The EPA declined to comment specifically on rail pollution for this story, but said: "The Trump EPA is committed to enhancing our ability to deliver clean air, water, and land for all Americans.”

AGING FREIGHT LOCOMOTIVES

The railroad industry’s poor emissions performance is due mainly to the fact that it has largely stopped replacing its aging fleet of locomotives. The average age of U.S. locomotives is about 28 years, compared with 20 years in 2009, according to EPA and industry reports.

That's a problem because federal emissions standards for locomotives depend on how old they are with the oldest grandfathered into the lightest limits.

With no requirement to retire old locomotives, the U.S. freight rail industry has dragged its feet on buying new ones, a dynamic amplified by industry fears that new regulations under future administrations could render their investments obsolete, according to Environmental Protection Agency data, and interviews with analysts and railroad executives.

Senator Edward Markey, a Massachusetts Democrat, says railroads have lost their taste for innovation. "Our air pollution standards for railroads have an engine-sized loophole in them, which companies are using to... keep old, dirty trains on the tracks," Markey said in a statement to Reuters.

The rail industry says that it is the cleanest option available to move freight over land, and cites data from the U.S. Department of Transportation. A locomotive can move a ton of freight about 500 miles on a gallon of fuel, which is three to four times more efficient than trucks.

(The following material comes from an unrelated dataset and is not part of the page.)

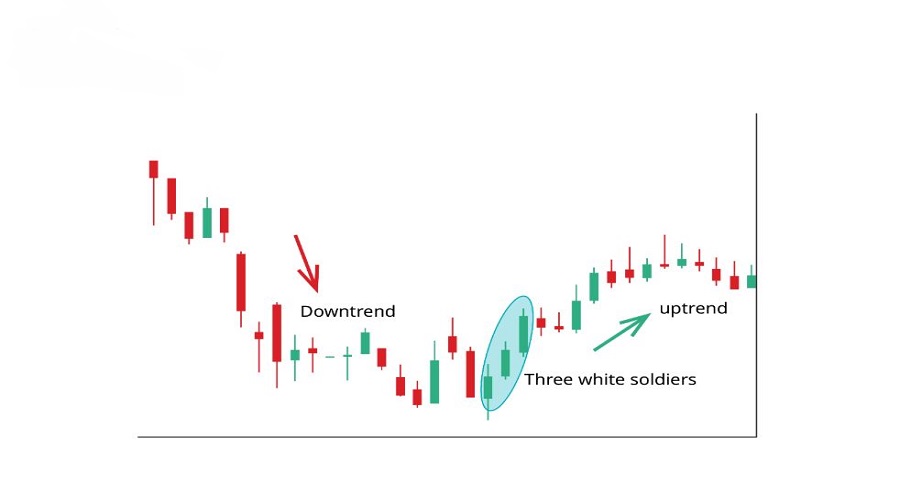 ما الذي تشير إليه استراتيجية الجنود البيض الثلاثة؟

The Association of American Railroads said it was also unfair to compare rail to power plants, saying locomotives have little choice but to burn diesel. "These power plants have multiple other viable options for generation – coal, natural gas, hydropower, wind, nuclear, etc. That is not the case for rail," the trade group told Reuters.

BNSF, meanwhile, told Reuters that it is working to reduce its emissions through efficiency and technology improvements, and stands by its claim to have the cleanest fleet in the industry based on the outright number of modern locomotives in its possession.

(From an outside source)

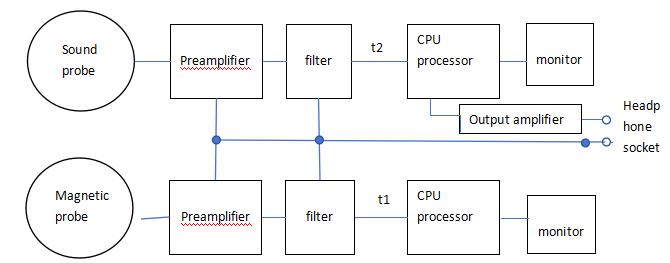 Cable Fault Locator With Acoustic-Magnetic Synchronization For Accurate Location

BNSF said 360 of its 6,780 total are modern locomotives subject to the strictest federal emissions standards, called Tier 4, the largest outright number in the industry.

That's just 5% of the company's total fleet that is active or in storage, according to Surface Transportation Board data. By contrast, rival Canadian National has nearly 300 Tier 4 locomotives, making up about 27% of its total fleet, according to analysts and CN press releases about new locomotive orders.